In contrast, we find no basis in the record that defendant had an excessively high
blood alcohol level, the second aggravating factor cited by the trial court. As highlighted
in our previous opinion in this case, after Officer Perilli arrested defendant, he “became
belligerent and refused to take a blood test.” Thus, there is no evidence to support the
trial court’s conclusion that defendant “suffered a finding of an excessive high blood
alcohol.”
5
This leaves one proper, and one improper, aggravating factor as the bases for the
trial court’s sentencing decision. “When a trial court has given both proper and improper
reasons for a sentence choice, a reviewing court will set aside the sentence only if it is
reasonably probable that the trial court would have chosen a lesser sentence had it known
that some of its reasons were improper.” (People v. Price (1991) 1 Cal.4th 324, 492.)
Based on our reading of the record, there is no reasonable probability that the trial
court would have opted for a lesser sentence had it been aware that defendant did not
suffer a finding of excessive blood alcohol. The trial court did not hesitate to sentence
defendant to the aggravated term, nor did it waver when defense counsel objected to the
sentence imposed. Furthermore, considering that even one factor in aggravation is a
sufficient basis for imposing the upper term, it is not reasonably probable the court would
have chosen a lesser sentence had it known that defendant refused to submit to a blood
test at the time of his arrest. (People v. Steele (2000) 83 Cal.App.4th 212, 226.)

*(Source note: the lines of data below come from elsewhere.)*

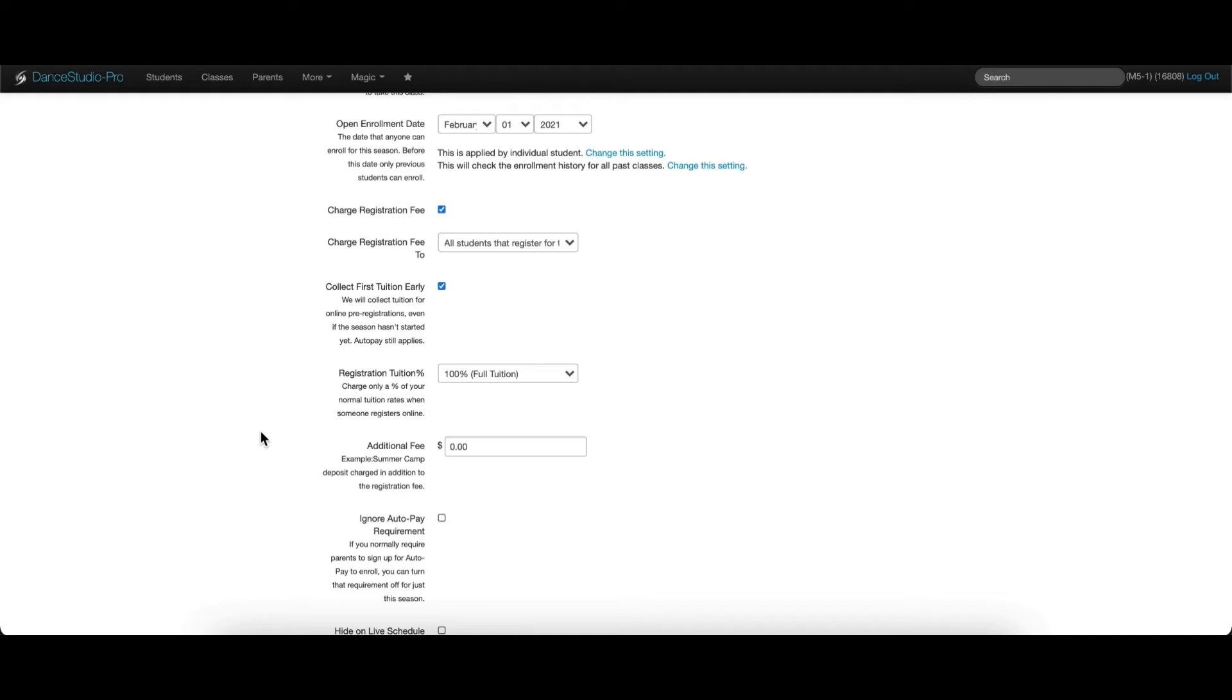This can be added to your season and is charged once for each student that registers online for that selected season. This can be collected in addition to your regular registration fee or instead of the regular registration fee.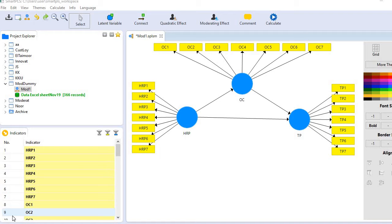If the f-square value is too small, that means the contribution of that exogenous variable to a particular endogenous variable is too small.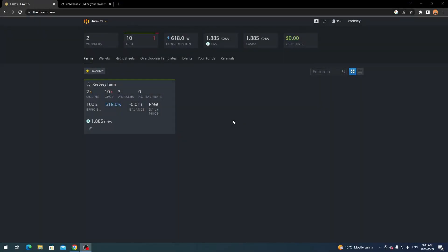Hey everyone, what's going on? It's your boy Krebsy Crypto and for today's video I'm going to be showing you how to directly mine Caspa through HiveOS here.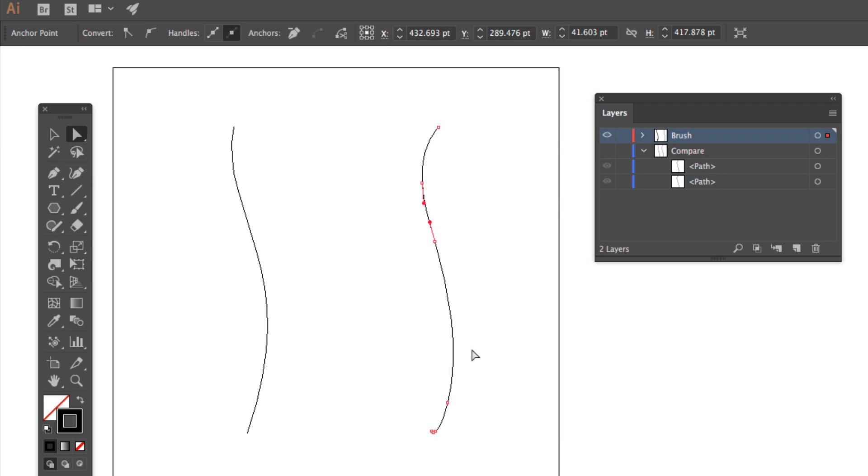Now, this video should be watched in conjunction with my video on the brush panel, which will show you some of the ways that a path can be stroked in an interesting and non-conformative way.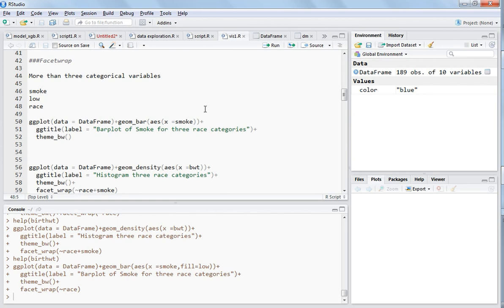In this video I will explain one more function used for including more than three or four numerical and categorical variables at a time. Let's take three categorical variables: smoke, low, and race. Smoke has two categories, low has two categories (zero and one), and race has three categories (one, two, and three).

B. The Misdemeanor Sentences Violate Section 654
The trial court also sentenced defendant to three concurrent 90-day sentences for
three separate misdemeanor violations. Defendant argues, and the Attorney General
concedes, that the sentencing court’s imposition of these sentences violated Penal Code
section 654.
Penal Code section 654, subdivision (a) proscribes multiple punishment for “[a]n
act or omission that is punishable in different ways by different provisions of law . . .”
(Pen. Code § 654, subd. (a).) The California Supreme Court has interpreted section 654
to prohibit multiple punishment for a “single physical act.” (People v. Jones (2012)
54 Cal.4th 350, 358.) Further, it is well established that “ ‘the imposition of concurrent
sentences is precluded by section 654 [citations] because the defendant is deemed to be
subjected to the term of both sentences although they are served simultaneously.’ ” (Id.
at p. 353, emphasis in original.)
6
“Whether section 654 applies in a given case is a question of fact for the trial
court, which is vested with broad latitude in making its determination.” (People v. Jones
(2002) 103 Cal.App.4th 1139, 1143.) The trial court’s “findings will not be reversed on
appeal if there is any substantial evidence to support them.” (Ibid.) “We review the trial
court’s determination in the light most favorable to the respondent and presume the
existence of every fact the trial court could reasonably deduce from the evidence.” (Ibid.)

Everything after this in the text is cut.